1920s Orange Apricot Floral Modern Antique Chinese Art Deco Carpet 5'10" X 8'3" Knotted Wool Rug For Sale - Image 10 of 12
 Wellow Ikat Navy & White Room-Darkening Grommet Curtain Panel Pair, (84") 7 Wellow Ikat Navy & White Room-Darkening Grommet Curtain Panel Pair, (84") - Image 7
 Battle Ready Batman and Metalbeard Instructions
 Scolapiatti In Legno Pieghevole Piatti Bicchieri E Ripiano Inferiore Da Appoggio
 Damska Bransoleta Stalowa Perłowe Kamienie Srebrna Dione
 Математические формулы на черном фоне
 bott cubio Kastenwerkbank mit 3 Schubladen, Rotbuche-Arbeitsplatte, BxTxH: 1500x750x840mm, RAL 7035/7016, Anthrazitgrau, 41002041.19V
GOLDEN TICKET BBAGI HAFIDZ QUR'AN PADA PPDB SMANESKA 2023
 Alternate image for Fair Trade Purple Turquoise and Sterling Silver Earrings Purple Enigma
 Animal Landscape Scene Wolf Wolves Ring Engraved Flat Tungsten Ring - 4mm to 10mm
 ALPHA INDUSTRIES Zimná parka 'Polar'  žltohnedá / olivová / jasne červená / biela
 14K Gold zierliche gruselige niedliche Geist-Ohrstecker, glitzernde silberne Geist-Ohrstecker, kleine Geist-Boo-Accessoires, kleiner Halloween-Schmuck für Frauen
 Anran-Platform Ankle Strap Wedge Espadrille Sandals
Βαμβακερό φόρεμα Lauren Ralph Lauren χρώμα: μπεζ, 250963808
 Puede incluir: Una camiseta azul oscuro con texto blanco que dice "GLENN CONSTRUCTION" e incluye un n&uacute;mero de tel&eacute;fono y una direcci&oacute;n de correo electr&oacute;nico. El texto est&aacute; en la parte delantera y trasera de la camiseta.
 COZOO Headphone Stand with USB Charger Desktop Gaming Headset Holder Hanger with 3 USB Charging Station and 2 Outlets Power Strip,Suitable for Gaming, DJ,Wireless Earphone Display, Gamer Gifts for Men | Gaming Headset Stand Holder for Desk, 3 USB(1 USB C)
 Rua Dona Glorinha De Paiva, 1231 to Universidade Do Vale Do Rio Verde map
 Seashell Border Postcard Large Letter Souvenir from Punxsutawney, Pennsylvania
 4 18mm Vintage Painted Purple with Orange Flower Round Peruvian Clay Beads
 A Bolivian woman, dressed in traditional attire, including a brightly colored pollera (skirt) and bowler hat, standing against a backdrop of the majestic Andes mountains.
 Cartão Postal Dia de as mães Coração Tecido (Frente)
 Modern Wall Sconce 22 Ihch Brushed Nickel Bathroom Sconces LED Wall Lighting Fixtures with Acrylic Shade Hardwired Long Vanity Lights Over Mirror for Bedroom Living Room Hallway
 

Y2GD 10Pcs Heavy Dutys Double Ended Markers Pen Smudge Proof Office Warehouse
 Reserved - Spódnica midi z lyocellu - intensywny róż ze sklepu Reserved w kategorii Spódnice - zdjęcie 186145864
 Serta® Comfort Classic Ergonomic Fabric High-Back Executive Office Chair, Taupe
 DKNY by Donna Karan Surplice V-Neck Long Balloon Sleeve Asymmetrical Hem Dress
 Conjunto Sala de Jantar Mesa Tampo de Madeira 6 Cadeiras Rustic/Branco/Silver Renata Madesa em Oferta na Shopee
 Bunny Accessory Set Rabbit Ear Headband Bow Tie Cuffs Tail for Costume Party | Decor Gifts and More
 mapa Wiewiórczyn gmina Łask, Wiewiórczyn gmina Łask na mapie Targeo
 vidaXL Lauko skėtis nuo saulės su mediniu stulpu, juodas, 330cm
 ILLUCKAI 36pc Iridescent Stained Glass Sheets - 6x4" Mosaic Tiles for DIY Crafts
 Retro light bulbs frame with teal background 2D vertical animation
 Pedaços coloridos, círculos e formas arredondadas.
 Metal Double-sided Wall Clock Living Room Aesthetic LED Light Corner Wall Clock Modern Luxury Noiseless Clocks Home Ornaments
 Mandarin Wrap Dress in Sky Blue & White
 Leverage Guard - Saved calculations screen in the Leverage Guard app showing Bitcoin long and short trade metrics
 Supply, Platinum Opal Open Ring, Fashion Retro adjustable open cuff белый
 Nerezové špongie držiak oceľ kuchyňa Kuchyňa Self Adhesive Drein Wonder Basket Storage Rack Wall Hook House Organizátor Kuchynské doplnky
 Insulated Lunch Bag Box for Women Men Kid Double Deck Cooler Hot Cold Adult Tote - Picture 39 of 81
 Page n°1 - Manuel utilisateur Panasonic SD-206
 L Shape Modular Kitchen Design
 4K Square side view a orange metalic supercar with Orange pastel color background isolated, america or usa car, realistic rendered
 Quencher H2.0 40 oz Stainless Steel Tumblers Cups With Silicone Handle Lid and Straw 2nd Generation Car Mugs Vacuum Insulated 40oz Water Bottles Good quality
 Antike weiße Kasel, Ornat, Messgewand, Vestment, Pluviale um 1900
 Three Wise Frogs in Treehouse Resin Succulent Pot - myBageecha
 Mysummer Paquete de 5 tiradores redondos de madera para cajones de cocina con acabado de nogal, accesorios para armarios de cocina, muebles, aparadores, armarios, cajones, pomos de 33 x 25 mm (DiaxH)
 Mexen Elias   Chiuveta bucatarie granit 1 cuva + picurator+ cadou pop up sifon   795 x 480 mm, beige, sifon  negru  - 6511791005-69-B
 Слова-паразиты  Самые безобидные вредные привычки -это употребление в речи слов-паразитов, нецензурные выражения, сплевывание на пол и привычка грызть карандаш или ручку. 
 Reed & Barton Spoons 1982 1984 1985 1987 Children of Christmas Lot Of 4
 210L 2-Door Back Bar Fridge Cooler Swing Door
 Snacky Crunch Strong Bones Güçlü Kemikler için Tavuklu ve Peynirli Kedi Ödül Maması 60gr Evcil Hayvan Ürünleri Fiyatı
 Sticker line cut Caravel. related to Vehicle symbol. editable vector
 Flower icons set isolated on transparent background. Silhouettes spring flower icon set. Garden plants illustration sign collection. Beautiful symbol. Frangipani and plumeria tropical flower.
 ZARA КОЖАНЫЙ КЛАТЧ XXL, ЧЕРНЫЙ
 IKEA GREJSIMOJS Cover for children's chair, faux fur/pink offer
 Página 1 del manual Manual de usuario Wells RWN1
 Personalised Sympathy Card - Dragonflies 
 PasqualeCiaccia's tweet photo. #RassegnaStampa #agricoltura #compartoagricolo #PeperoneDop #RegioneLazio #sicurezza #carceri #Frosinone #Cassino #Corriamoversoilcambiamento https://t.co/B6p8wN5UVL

· · · · · · ·

Repeat the listing. Keep every character the same.

Exercise answer:
1920s Orange Apricot Floral Modern Antique Chinese Art Deco Carpet 5'10" X 8'3" Knotted Wool Rug For Sale - Image 10 of 12
 Wellow Ikat Navy & White Room-Darkening Grommet Curtain Panel Pair, (84") 7 Wellow Ikat Navy & White Room-Darkening Grommet Curtain Panel Pair, (84") - Image 7
 Battle Ready Batman and Metalbeard Instructions
 Scolapiatti In Legno Pieghevole Piatti Bicchieri E Ripiano Inferiore Da Appoggio
 Damska Bransoleta Stalowa Perłowe Kamienie Srebrna Dione
 Математические формулы на черном фоне
 bott cubio Kastenwerkbank mit 3 Schubladen, Rotbuche-Arbeitsplatte, BxTxH: 1500x750x840mm, RAL 7035/7016, Anthrazitgrau, 41002041.19V
GOLDEN TICKET BBAGI HAFIDZ QUR'AN PADA PPDB SMANESKA 2023
 Alternate image for Fair Trade Purple Turquoise and Sterling Silver Earrings Purple Enigma
 Animal Landscape Scene Wolf Wolves Ring Engraved Flat Tungsten Ring - 4mm to 10mm
 ALPHA INDUSTRIES Zimná parka 'Polar'  žltohnedá / olivová / jasne červená / biela
 14K Gold zierliche gruselige niedliche Geist-Ohrstecker, glitzernde silberne Geist-Ohrstecker, kleine Geist-Boo-Accessoires, kleiner Halloween-Schmuck für Frauen
 Anran-Platform Ankle Strap Wedge Espadrille Sandals
Βαμβακερό φόρεμα Lauren Ralph Lauren χρώμα: μπεζ, 250963808
 Puede incluir: Una camiseta azul oscuro con texto blanco que dice "GLENN CONSTRUCTION" e incluye un n&uacute;mero de tel&eacute;fono y una direcci&oacute;n de correo electr&oacute;nico. El texto est&aacute; en la parte delantera y trasera de la camiseta.
 COZOO Headphone Stand with USB Charger Desktop Gaming Headset Holder Hanger with 3 USB Charging Station and 2 Outlets Power Strip,Suitable for Gaming, DJ,Wireless Earphone Display, Gamer Gifts for Men | Gaming Headset Stand Holder for Desk, 3 USB(1 USB C)
 Rua Dona Glorinha De Paiva, 1231 to Universidade Do Vale Do Rio Verde map
 Seashell Border Postcard Large Letter Souvenir from Punxsutawney, Pennsylvania
 4 18mm Vintage Painted Purple with Orange Flower Round Peruvian Clay Beads
 A Bolivian woman, dressed in traditional attire, including a brightly colored pollera (skirt) and bowler hat, standing against a backdrop of the majestic Andes mountains.
 Cartão Postal Dia de as mães Coração Tecido (Frente)
 Modern Wall Sconce 22 Ihch Brushed Nickel Bathroom Sconces LED Wall Lighting Fixtures with Acrylic Shade Hardwired Long Vanity Lights Over Mirror for Bedroom Living Room Hallway
 

Y2GD 10Pcs Heavy Dutys Double Ended Markers Pen Smudge Proof Office Warehouse
 Reserved - Spódnica midi z lyocellu - intensywny róż ze sklepu Reserved w kategorii Spódnice - zdjęcie 186145864
 Serta® Comfort Classic Ergonomic Fabric High-Back Executive Office Chair, Taupe
 DKNY by Donna Karan Surplice V-Neck Long Balloon Sleeve Asymmetrical Hem Dress
 Conjunto Sala de Jantar Mesa Tampo de Madeira 6 Cadeiras Rustic/Branco/Silver Renata Madesa em Oferta na Shopee
 Bunny Accessory Set Rabbit Ear Headband Bow Tie Cuffs Tail for Costume Party | Decor Gifts and More
 mapa Wiewiórczyn gmina Łask, Wiewiórczyn gmina Łask na mapie Targeo
 vidaXL Lauko skėtis nuo saulės su mediniu stulpu, juodas, 330cm
 ILLUCKAI 36pc Iridescent Stained Glass Sheets - 6x4" Mosaic Tiles for DIY Crafts
 Retro light bulbs frame with teal background 2D vertical animation
 Pedaços coloridos, círculos e formas arredondadas.
 Metal Double-sided Wall Clock Living Room Aesthetic LED Light Corner Wall Clock Modern Luxury Noiseless Clocks Home Ornaments
 Mandarin Wrap Dress in Sky Blue & White
 Leverage Guard - Saved calculations screen in the Leverage Guard app showing Bitcoin long and short trade metrics
 Supply, Platinum Opal Open Ring, Fashion Retro adjustable open cuff белый
 Nerezové špongie držiak oceľ kuchyňa Kuchyňa Self Adhesive Drein Wonder Basket Storage Rack Wall Hook House Organizátor Kuchynské doplnky
 Insulated Lunch Bag Box for Women Men Kid Double Deck Cooler Hot Cold Adult Tote - Picture 39 of 81
 Page n°1 - Manuel utilisateur Panasonic SD-206
 L Shape Modular Kitchen Design
 4K Square side view a orange metalic supercar with Orange pastel color background isolated, america or usa car, realistic rendered
 Quencher H2.0 40 oz Stainless Steel Tumblers Cups With Silicone Handle Lid and Straw 2nd Generation Car Mugs Vacuum Insulated 40oz Water Bottles Good quality
 Antike weiße Kasel, Ornat, Messgewand, Vestment, Pluviale um 1900
 Three Wise Frogs in Treehouse Resin Succulent Pot - myBageecha
 Mysummer Paquete de 5 tiradores redondos de madera para cajones de cocina con acabado de nogal, accesorios para armarios de cocina, muebles, aparadores, armarios, cajones, pomos de 33 x 25 mm (DiaxH)
 Mexen Elias   Chiuveta bucatarie granit 1 cuva + picurator+ cadou pop up sifon   795 x 480 mm, beige, sifon  negru  - 6511791005-69-B
 Слова-паразиты  Самые безобидные вредные привычки -это употребление в речи слов-паразитов, нецензурные выражения, сплевывание на пол и привычка грызть карандаш или ручку. 
 Reed & Barton Spoons 1982 1984 1985 1987 Children of Christmas Lot Of 4
 210L 2-Door Back Bar Fridge Cooler Swing Door
 Snacky Crunch Strong Bones Güçlü Kemikler için Tavuklu ve Peynirli Kedi Ödül Maması 60gr Evcil Hayvan Ürünleri Fiyatı
 Sticker line cut Caravel. related to Vehicle symbol. editable vector
 Flower icons set isolated on transparent background. Silhouettes spring flower icon set. Garden plants illustration sign collection. Beautiful symbol. Frangipani and plumeria tropical flower.
 ZARA КОЖАНЫЙ КЛАТЧ XXL, ЧЕРНЫЙ
 IKEA GREJSIMOJS Cover for children's chair, faux fur/pink offer
 Página 1 del manual Manual de usuario Wells RWN1
 Personalised Sympathy Card - Dragonflies 
 PasqualeCiaccia's tweet photo. #RassegnaStampa #agricoltura #compartoagricolo #PeperoneDop #RegioneLazio #sicurezza #carceri #Frosinone #Cassino #Corriamoversoilcambiamento https://t.co/B6p8wN5UVL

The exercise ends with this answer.